§ **Exercise brief**: Write an exact copy of the entries below that leaves out all pictures.

§ **Entries provided**:
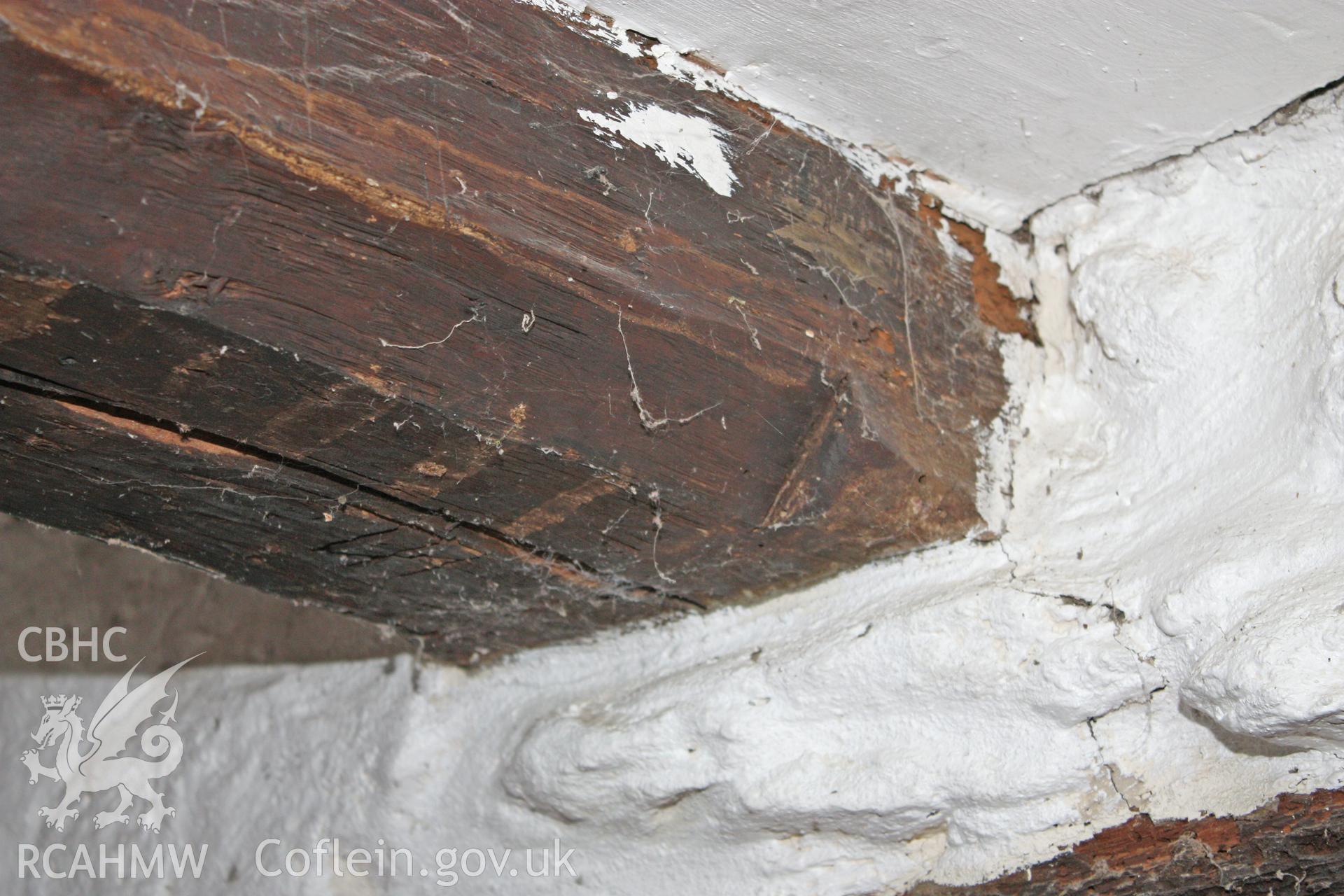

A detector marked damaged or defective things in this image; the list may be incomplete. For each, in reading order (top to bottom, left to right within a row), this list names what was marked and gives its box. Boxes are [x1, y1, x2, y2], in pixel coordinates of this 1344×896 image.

peeling white paint [580, 104, 739, 197]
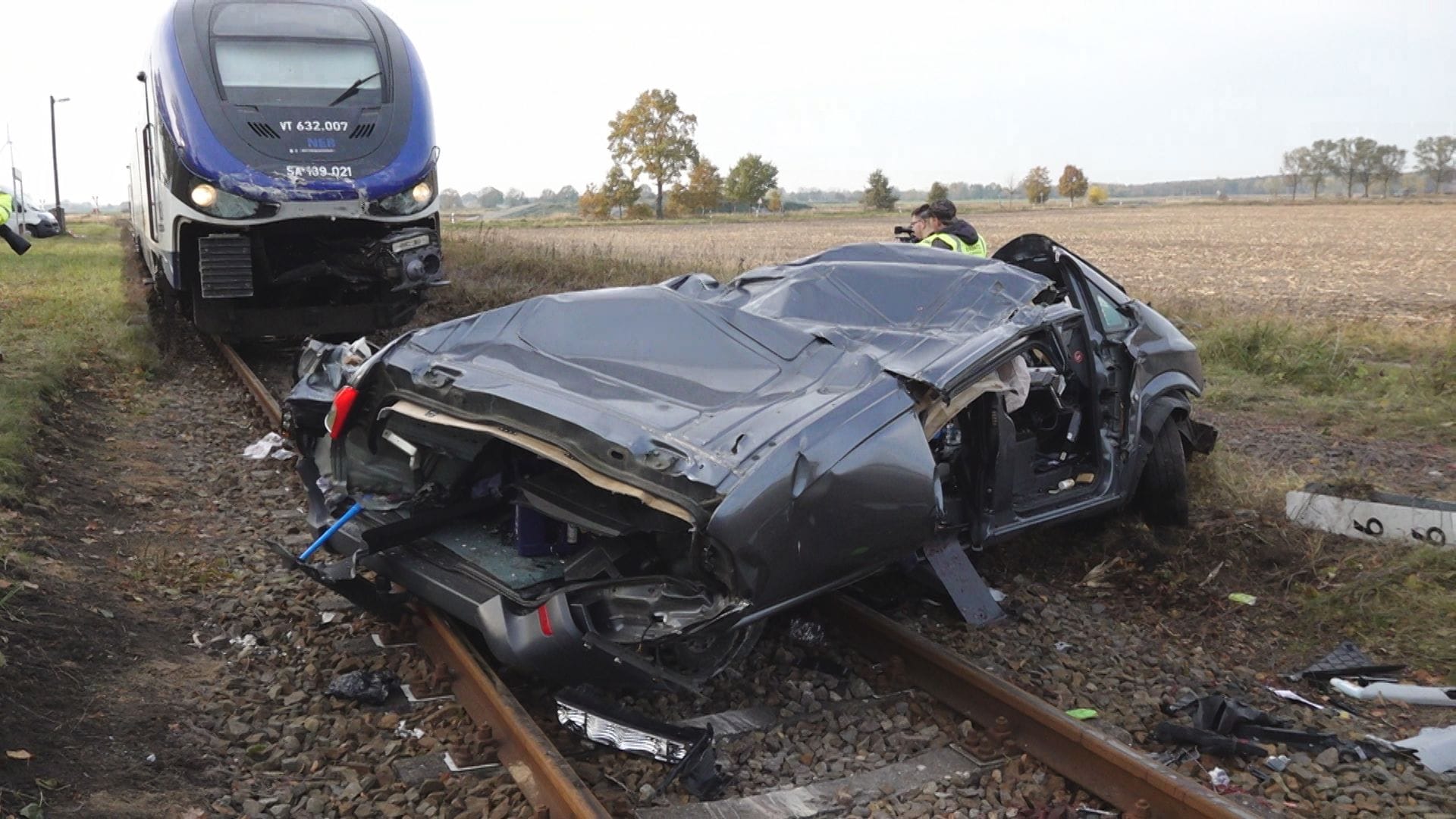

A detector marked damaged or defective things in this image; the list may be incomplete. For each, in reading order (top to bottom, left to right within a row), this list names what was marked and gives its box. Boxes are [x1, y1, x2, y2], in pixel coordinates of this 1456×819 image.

destroyed gray car [285, 237, 1219, 686]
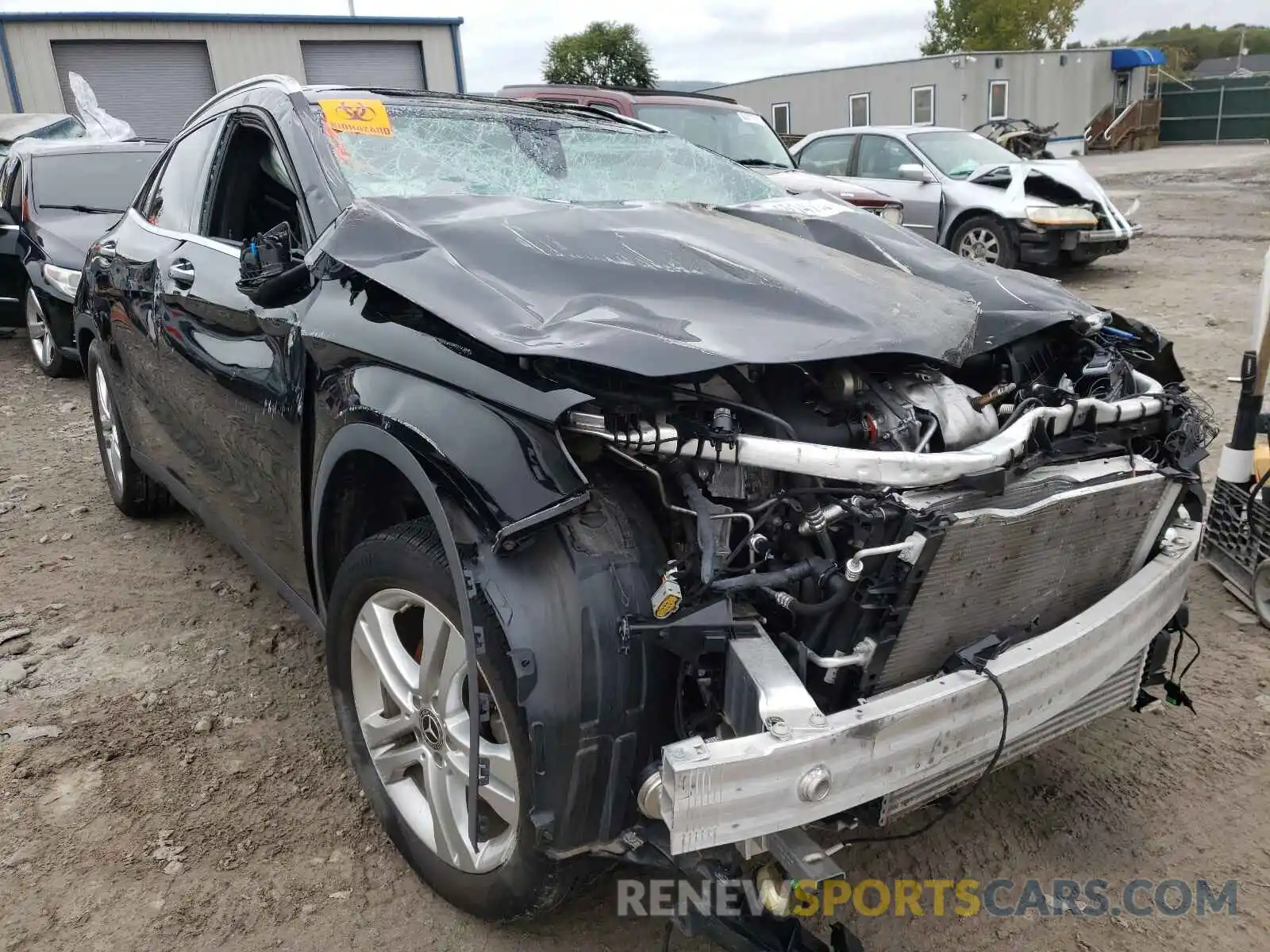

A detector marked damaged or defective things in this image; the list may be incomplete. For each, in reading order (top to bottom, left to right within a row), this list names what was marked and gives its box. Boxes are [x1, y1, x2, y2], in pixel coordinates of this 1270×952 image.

shattered windshield [318, 101, 782, 205]
shattered windshield [627, 105, 792, 171]
crumpled hood [762, 168, 894, 204]
shattered windshield [914, 130, 1021, 178]
white sedan with damage [792, 125, 1143, 270]
crumpled hood [965, 159, 1137, 237]
broken side mirror [240, 222, 314, 311]
crumpled hood [312, 195, 985, 378]
crushed front end [553, 309, 1209, 868]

§ **Exercise result**:
A detector marked damaged or defective things in this image; the list may be incomplete. For each, in reading order (top to bottom, left to right within a row), this list names what was marked and gives its box. Boxes are [x1, y1, x2, y2], in pixel coordinates of this 1344×896 image.

peeling white paint [580, 104, 739, 197]

A detector marked damaged or defective things in this image; the list may be incomplete. For each, in reading order (top to bottom, left to right within a row), this list names what was marked and gives its box. Boxes are [x1, y1, x2, y2], in pixel coordinates of this 1456×819 image.

destroyed gray car [285, 237, 1219, 686]

A detector marked damaged or defective things in this image; the list may be incomplete. For each, in reading order (top to bottom, left to right within a row), this list names what was marked and gives its box. Boxes are [x1, y1, x2, y2], in pixel coordinates of this 1270×952 image.

shattered windshield [318, 101, 782, 205]
shattered windshield [627, 105, 792, 171]
crumpled hood [762, 168, 894, 204]
shattered windshield [914, 130, 1021, 178]
white sedan with damage [792, 125, 1143, 270]
crumpled hood [965, 159, 1137, 237]
broken side mirror [240, 222, 314, 311]
crumpled hood [312, 195, 985, 378]
crushed front end [553, 309, 1209, 868]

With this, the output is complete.